Sejamos sensatos e comedidos.
Para quem não andar por aí apenas para ver passar comboios, se bem que eles
sejam cada vez mais raros, é certo que vivemos no pior dos mundos possíveis. Um
mundo onde, em continuum, tende a pontificar o mal absoluto. Não há santos
profissionais que nos valham, lembremo-nos do Vaticano, do Banco Ambrosiano, da
Máfia, do Pio XII, do Hitler, do Estaline, do Mao e seus seguidores, do
imperador Hiroito, do George W. Bush, do Bashar Al Assad…
A lista não tem fim,
cada dia a história confirma a opinião do historiador católico britânico Lord Acton: “O poder tende
a corromper, e o poder absoluto corrompe absolutamente, de modo que os grandes
homens são quase sempre homens maus”(1897).
Infelizmente, não são
se trata apenas dos grandes homens, muitas vezes os piores e mais maléficos são
os “pequenos” homens, pequenos deputados, pequenos vereadores, pequenos chefes,
pequenos ministros, pequenos presidentes de câmara, pequenos representantes
disto e daquilo.
A democracia dita representativa é o caldo
venenoso que alimenta essa gente alvoroçada, todo esse mundo deslumbrada pelo
poder. Um veneno que os torna a todos capazes de todas as patifarias.

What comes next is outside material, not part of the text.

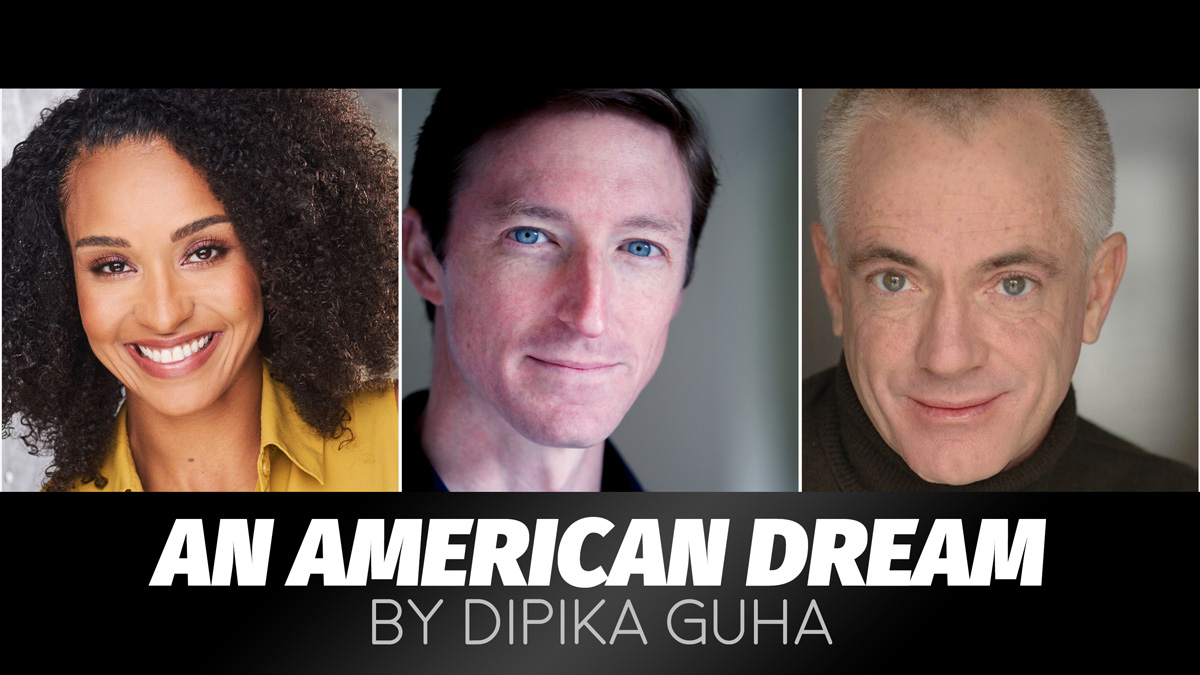 An American Dream by Dipika Guha – Zoomlet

Viva então a democracia representativa, é o
melhor dos sistemas que os humanos conseguiram inventar. Triste constatação.
Voltemos, então à Suiça. Tem os lagos, tem as
montanhas, a neve, a Banhoffstrasse. E tem a democracia directa.

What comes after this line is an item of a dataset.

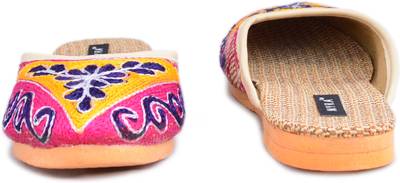 Myra Women Multicolor Heels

O último exemplo de democracia directa suiça deu para
o torto. É o resultado tangencialmente favorável ao controle da imigração
oriunda da união europeia.
Este texto já vai longo, por isso, não me vou
referir às implicações e ao significado desta decisão colectiva. Os suiços não
têm, não podem ter razões de queixa da imigração, a sua decisão é puramente xenófoba,
é arrogante e economicamente errada. Problema deles? Não é apenas um problema suíço.
Se olharmos à volta, reparemos no que se tem passado em Itália, em França, no
Reino Unido, na Alemanha e por aí adiante. Há uma xenofobia europeia.
Aprofundemos, então, a questão da democracia
directa.
Um dos instrumentos principais da democracia
directa é o referendo de iniciativa popular. Através deste tipo de referendo, o
povo intervém na política, impõe soluções, corrige, incentiva, defende
direitos. O povo deve ser inteiramente soberano. Mas o povo não é o Papa do
Vaticano. Enquanto o Papa é infalível, o povo pode enganar-se. Os suiços
enganaram-se, cometeram um erro grave no referendo sobre a imigração. Mas
noutros referendos, foi o povo que impôs políticas e decisões socialmente mais
justas e “progressistas”.
A lição que importa sublinhar é que, através do
referendo, o povo mantém os órgãos de governo sob permanente escrutínio.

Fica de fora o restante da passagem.